24.5.05

O ANTROPÓLOGO

Seu Silva é policial militar concursado. Uma pena, deveria ter seguido a sua vocação.

A principal função dele atualmente é fazer a vigilância do Aterro Sanitário da Muribeca. Ele tem muito orgulho do processo de reestruturação pelo qual passou o lugar e gosta que as pessoas visitem "sua" maior obra.

- Antes a gente vivia encontrando corpos no meio do lixo.

Não é que a violência tenha acabado no Aterro, mas o processo que levou o Lixão a ser reconhecido com esse novo nome trouxe várias melhorias. Entre elas, a principal é que o lugar passou a ter vigilância constante e isso afastou o crime organizado.
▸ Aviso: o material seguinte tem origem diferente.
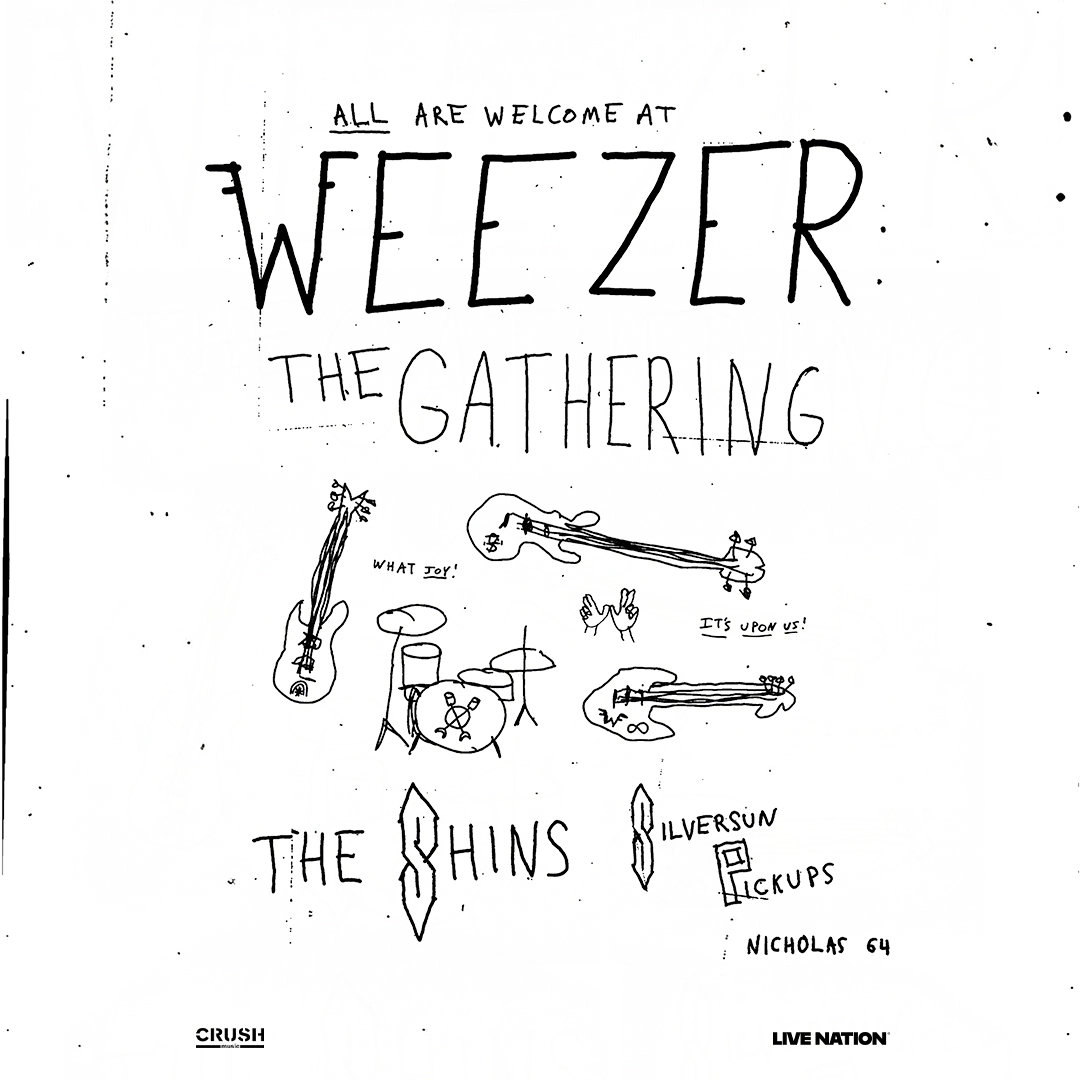 Win tickets to Weezer at Grand Casino Arena St Paul MN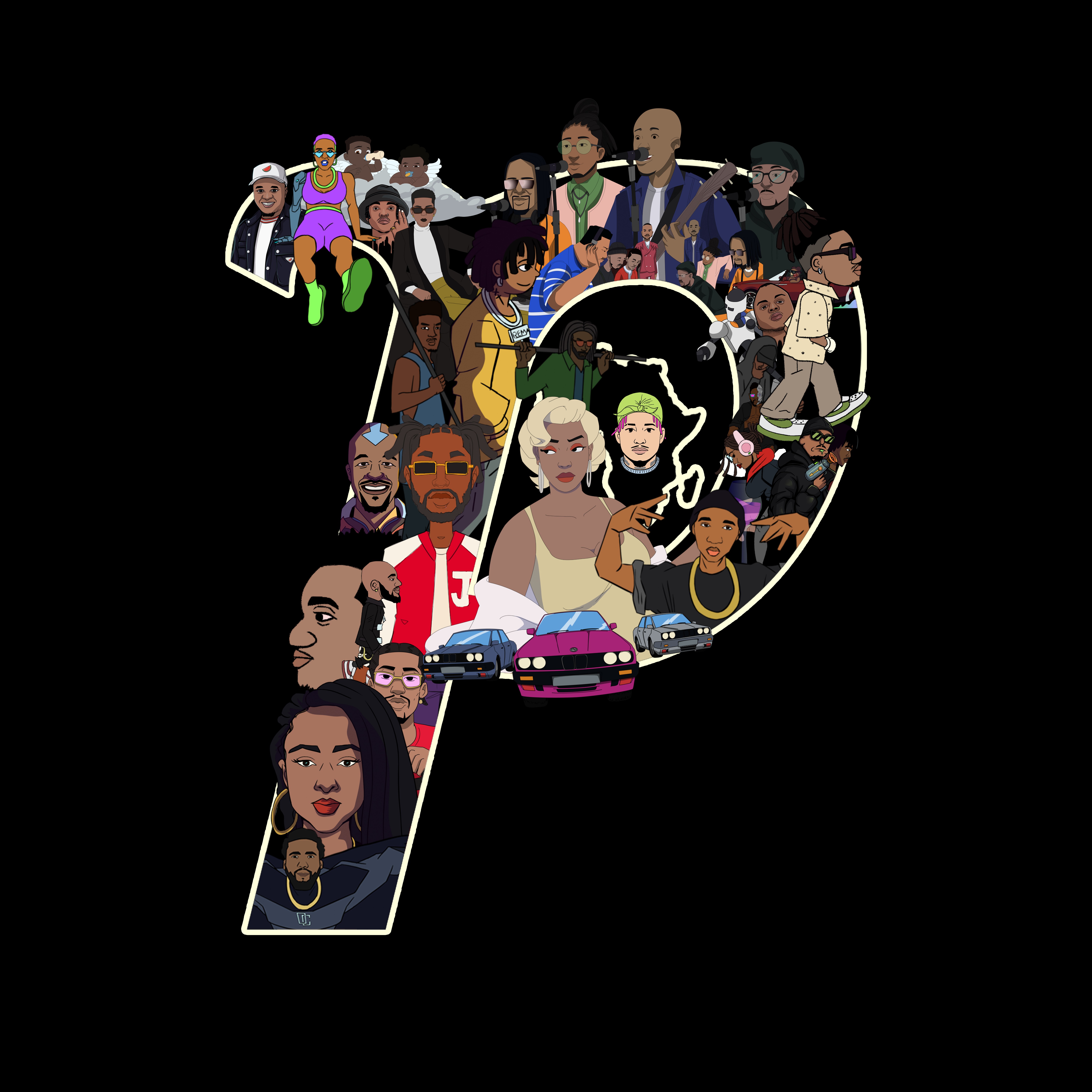 Person stand in front of a red sports oldtimer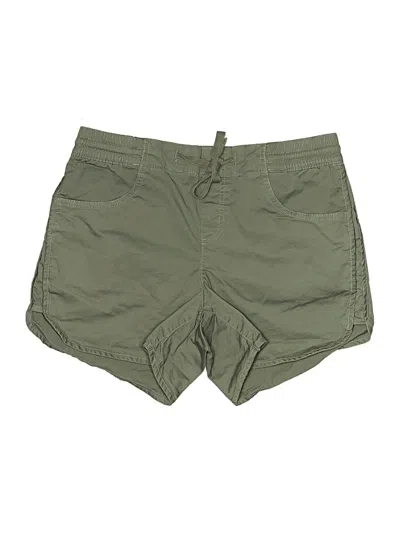 Pre-owned Eddie Bauer Khaki Shorts In Green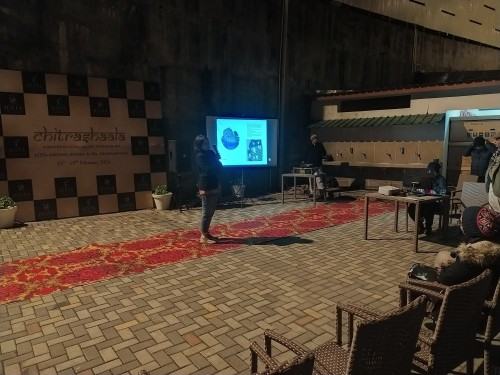 Międzynarodowa rezydencja artystyczna CHITRASHAALA 2024 (Dharamshala, Indie)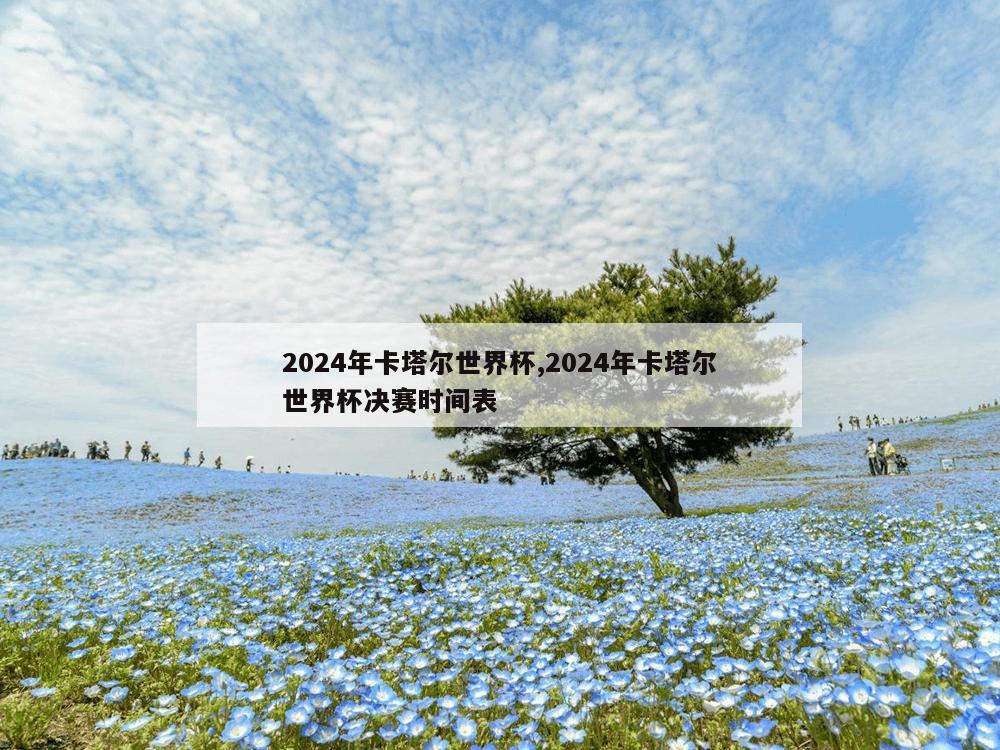 2024年卡塔尔世界杯,2024年卡塔尔世界杯决赛时间表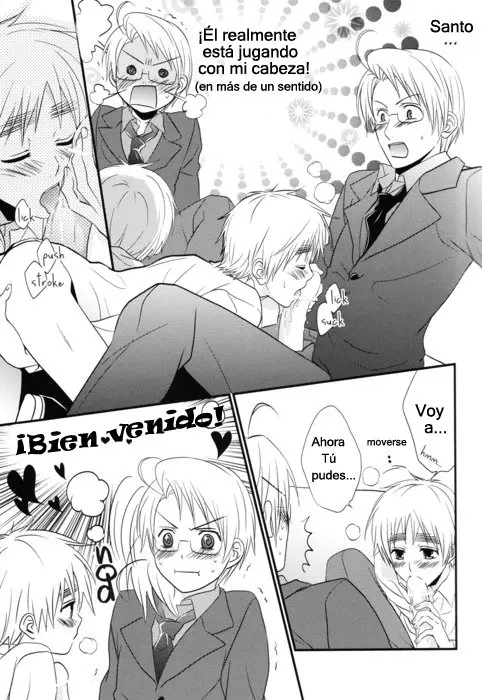 Hetalia doujines parejas (2014) - Capítulo 13 - Página 10 - LectorTMOo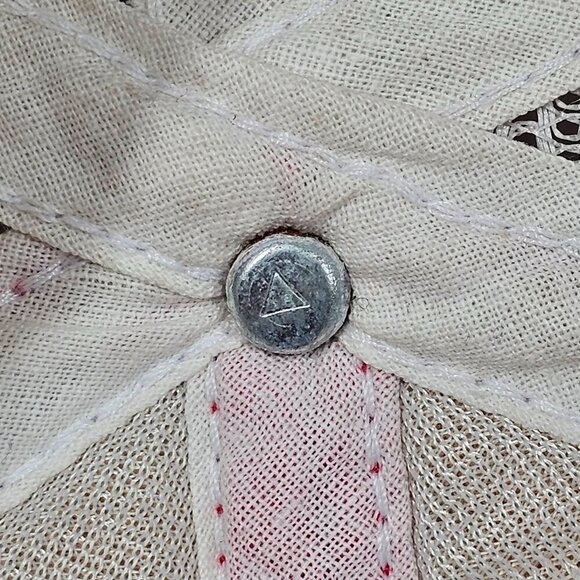 Vintage Budweiser Trucker Hat Red & White Mesh Snapback Adjustable Official Prod - Picture 4 of 11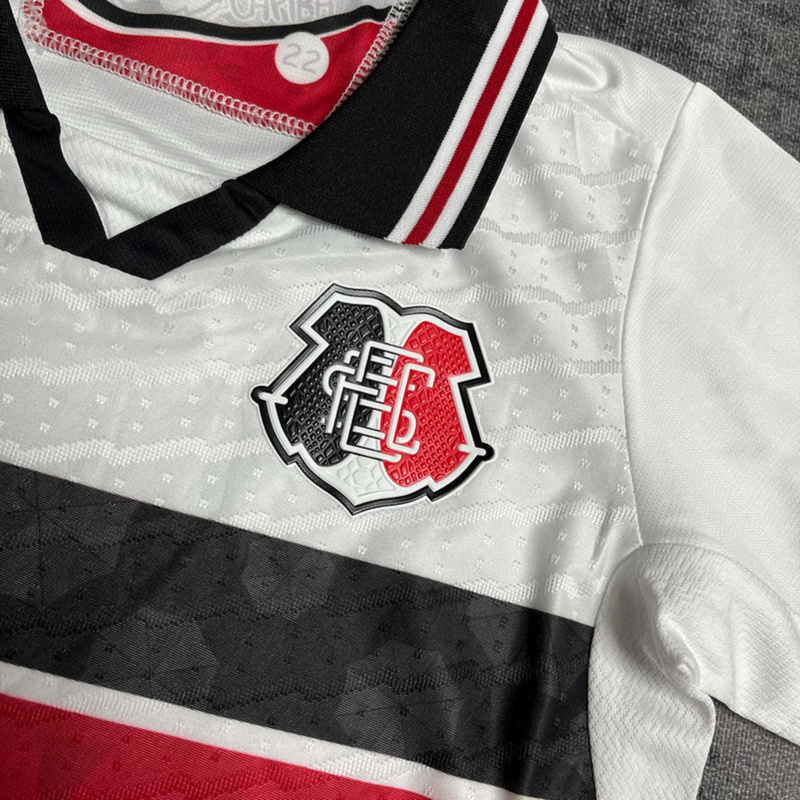 2025/26 Santa Cruz Away jersey kids Kits size: 16-28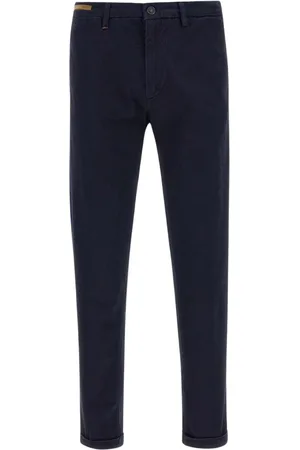 RE-HASH Spodnie, Mężczyzna, Niebieski, W31, Trousers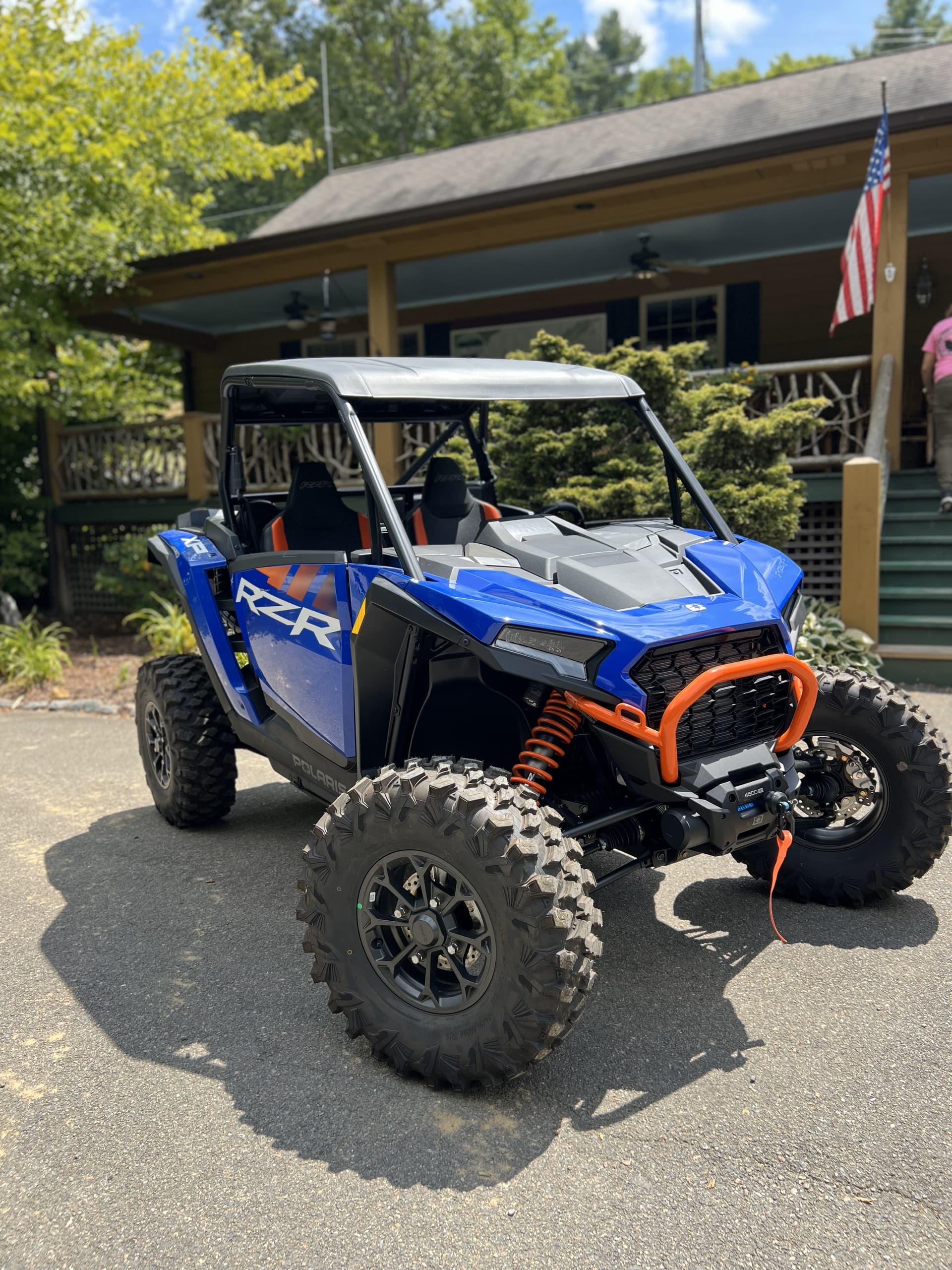 Off-Road RZR 1000 Adventure at Doe Mountain in Tennessee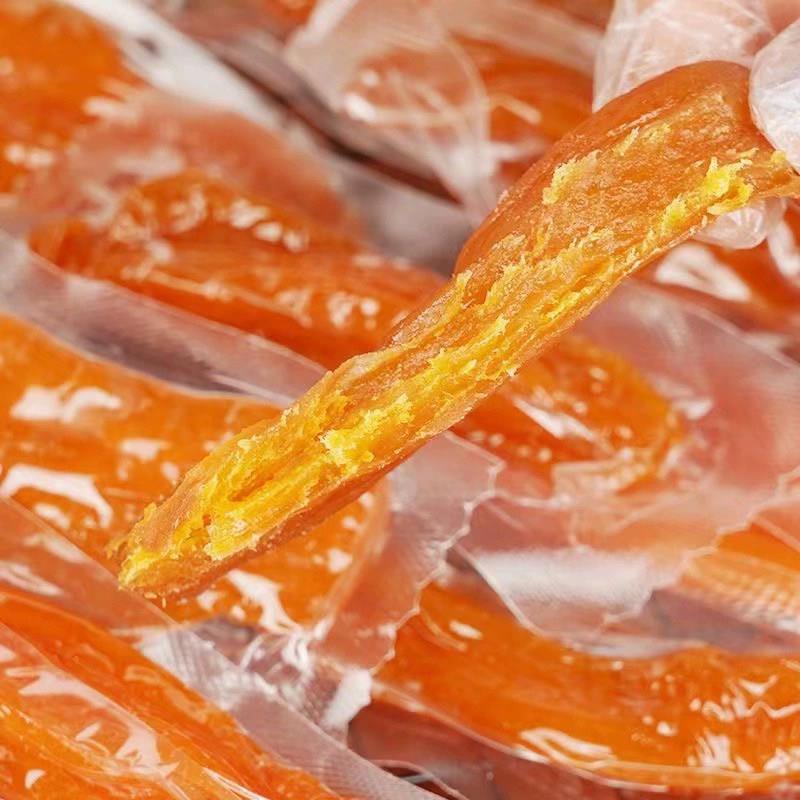 众星红蜜薯360g盒装龙岩连城特产地瓜干即食红薯条网红休闲零食品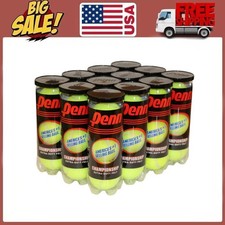 Penn Championship Extra Duty Tennis Balls 12 Cans, 36 Balls 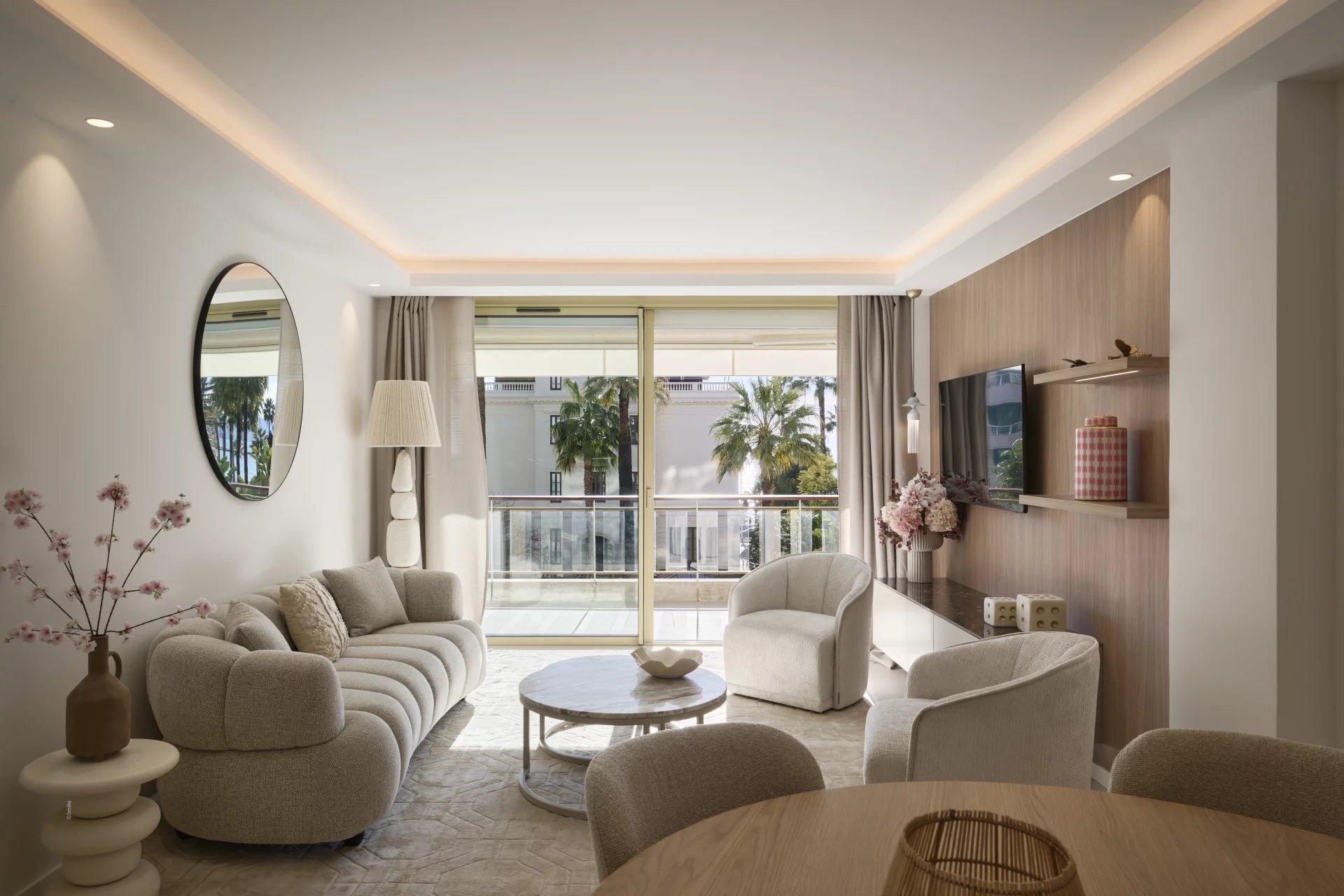  Image of Apartment - 2 Bedrooms for Sale in Alpes-Maritimes-Cannes-France, Image 14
Como a maioria dos policiais, ele trabalha praticamente três expedientes. É que tem dois trabalhos de vigilante e de vez em quando ainda tem que dar o plantão. O pior é que é um tipo raro que faz questão de honrar sua função pública.

Conhece todo mundo na Muribeca e sabe que tem de exercer sua profissão dentro dos limites que a realidade lhe permite.

- Não dá para sair prendendo qualquer um que venda maconha. Tem muita mulher ai que está fazendo isso porque o marido foi preso. Quem ia sustentar a família desse pessoal se ela fosse para a cadeia?

O que mais irrita Seu Silva é justamente não poder expandir esses limites. A falta de recursos é enorme e o policial que está ali não pode querer enfrentar os grandes criminosos do local sozinho. Seria morte certa.

- A gente recebe muitas queixas. Vai do marido que bate na mulher até as piores coisas. O melhor é resolver na conversa, mas nem sempre dá.

É nesse processo de seleção que Seu Silva se expecializou. Há muitos anos, convive com aquele pessoal. Já faz parte da paisagem. Por isso, as ações de prisão na Muribeca sempre passam pelo crivo desse antropólogo.

Tem as que só podem ser feitas por gente de fora. Outras precisam ser realizadas pelo pessoal que está ali diariamente. E alguns casos é melhor nem falar.